Tom Beach, Country MD, Singapore, Telstra, commented that it is encouraging that the Budget announcement and CFE report seek to tackle the challenges which Telstra has also identified in recent research. Telstra's research showed that Singapore is a leader in Asia when it comes to the quality of its digital infrastructure, but also gaps in digital skills and digital partnerships.

"Reflecting the fact that digital skills are becoming central to business success and there is global competition for talent, initiatives to cultivate digital literacy in the workplace and link people with jobs, like the enhancements to the National Jobs Bank, are important. To be truly successful, Government programmes need to be complemented by the private sector continuing to actively train their staff to maximise the benefits from using the latest technologies," he said.

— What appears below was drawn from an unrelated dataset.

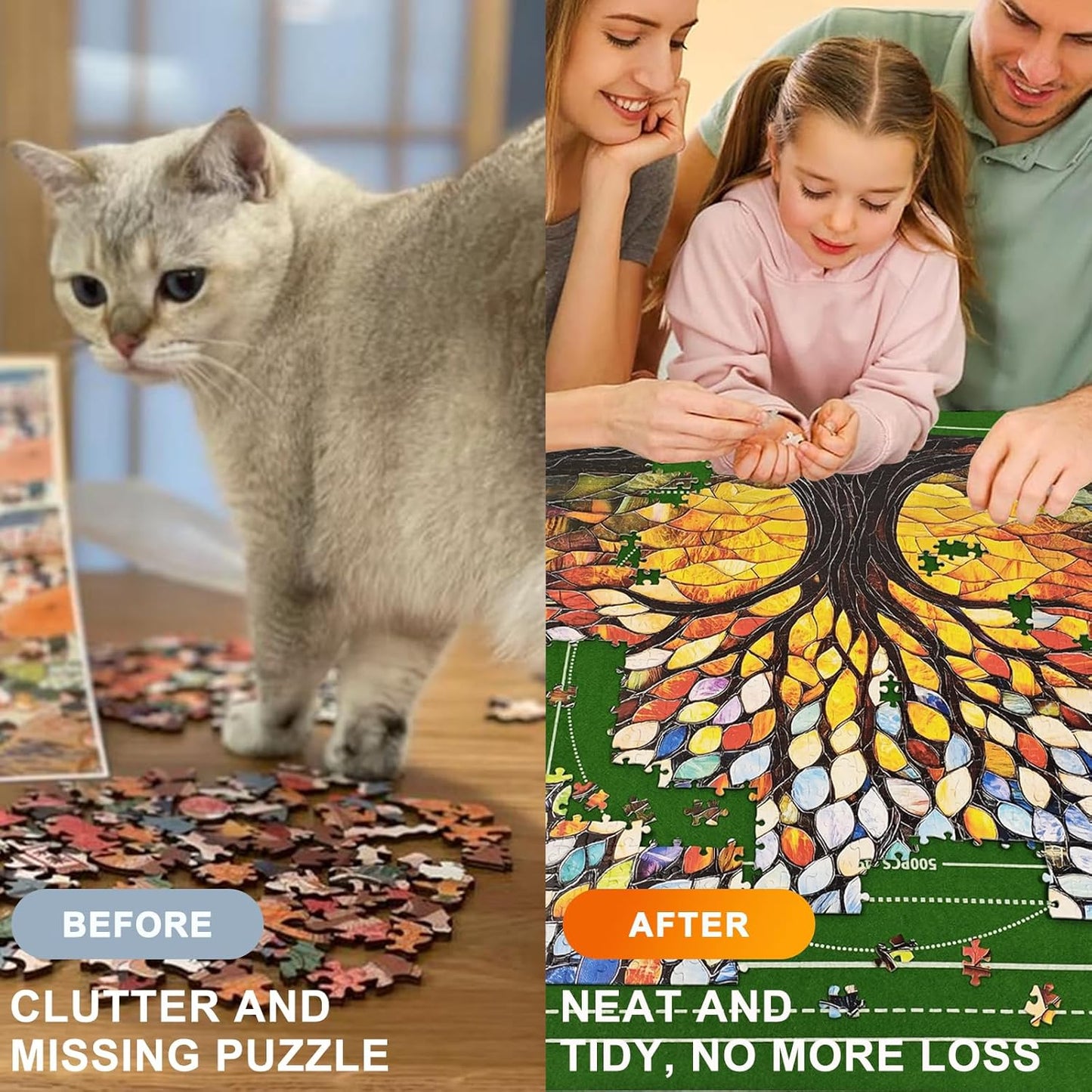 Napzy Puzzle Mat Rollup Puzzle Mats for Jigsaw Puzzles Storage Puzzles Matt Roll Up Board Saver with 8 Sorting Trays 1 Drawstring Bag Jigsaws Table for Up to 1500PCS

"In addition to training, government- and corporate-driven innovation hubs can also play a role in developing talent and opening up pathways for new businesses to emerge. To grow the country’s digital economy, we trust that Singapore will continue to pursue policies that make it easier for high-growth startups to base their operations here and export their innovative solutions globally."

Beach shared that Telstra believes an era of “co-corporation” is emerging. "Digital partnerships accelerate expansion into new markets and customer segments, facilitate the development of new products and services, and augment existing capabilities. With the newly announced Global Innovation Alliance, Singaporeans – through the Innovators Academy, Innovation Launchpads and Welcome Centres – can now formally gain overseas experience, build networks and collaborate with counterparts in other innovative cities," he said.


More details of the new or enhanced initiatives will be shared by the various ministries in charge at the Commitee of Supply debates, which are typically held soon after the Budget announcement.